— Exercise prompt —
Starting with the first line of the data below, copy each line up to and including the one containing "LUCA 4 LT VANITY". Pictures stay out.

##### Records for this task

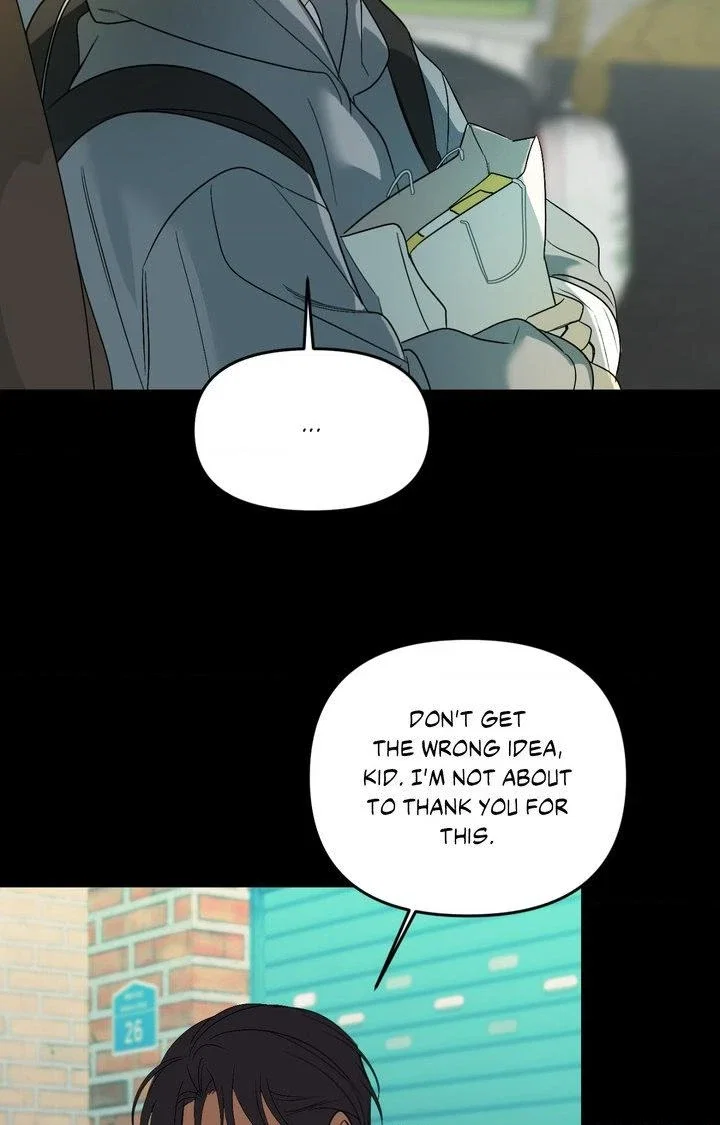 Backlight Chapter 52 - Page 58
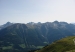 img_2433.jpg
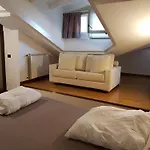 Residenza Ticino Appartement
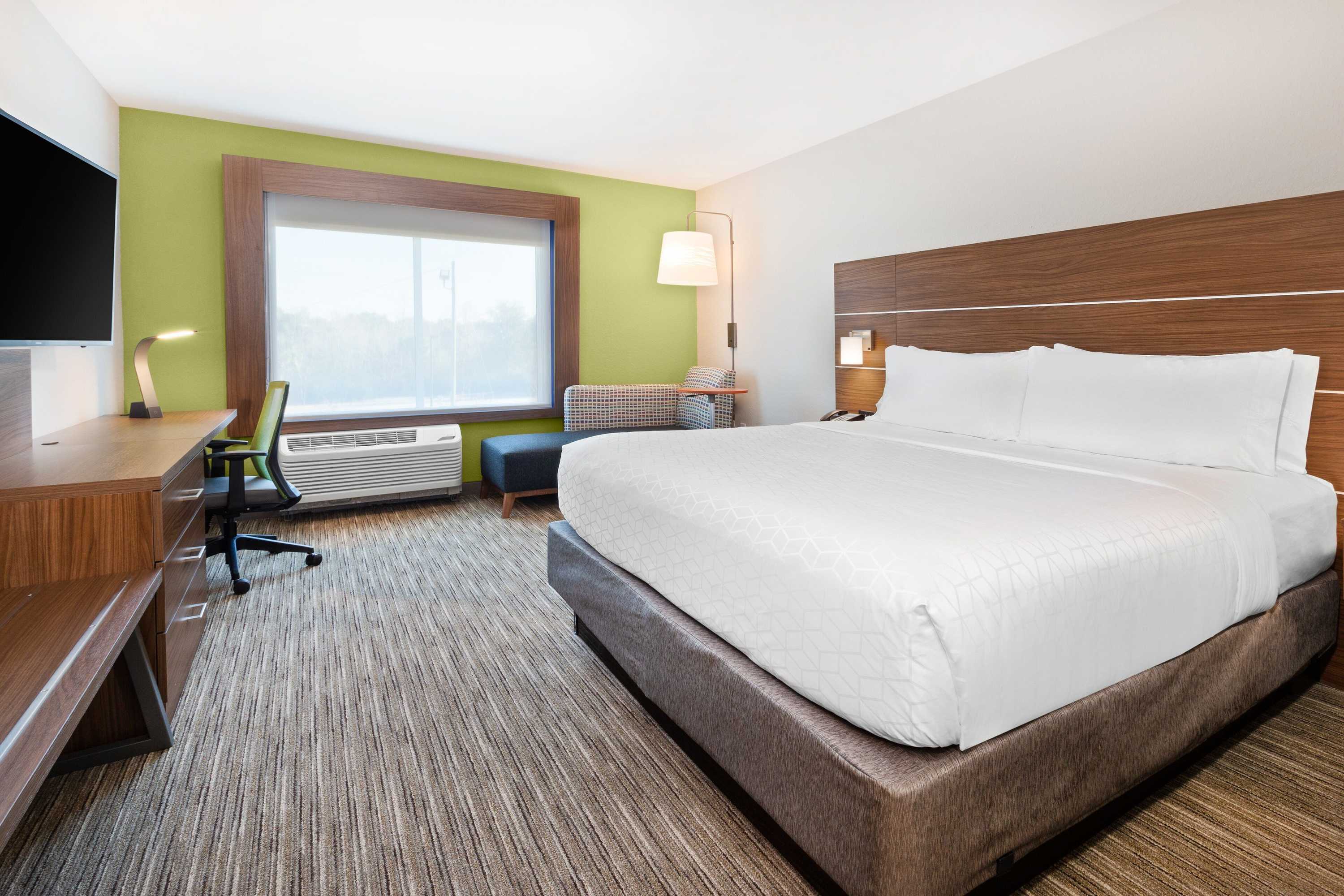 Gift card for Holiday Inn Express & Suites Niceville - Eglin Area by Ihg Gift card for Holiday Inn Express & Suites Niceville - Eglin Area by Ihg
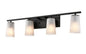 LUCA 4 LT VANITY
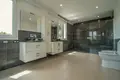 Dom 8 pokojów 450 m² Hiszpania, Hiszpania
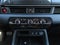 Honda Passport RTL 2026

##########

— Result for this exercise —
 Backlight Chapter 52 - Page 58
 img_2433.jpg
 Residenza Ticino Appartement
 Gift card for Holiday Inn Express & Suites Niceville - Eglin Area by Ihg Gift card for Holiday Inn Express & Suites Niceville - Eglin Area by Ihg
 LUCA 4 LT VANITY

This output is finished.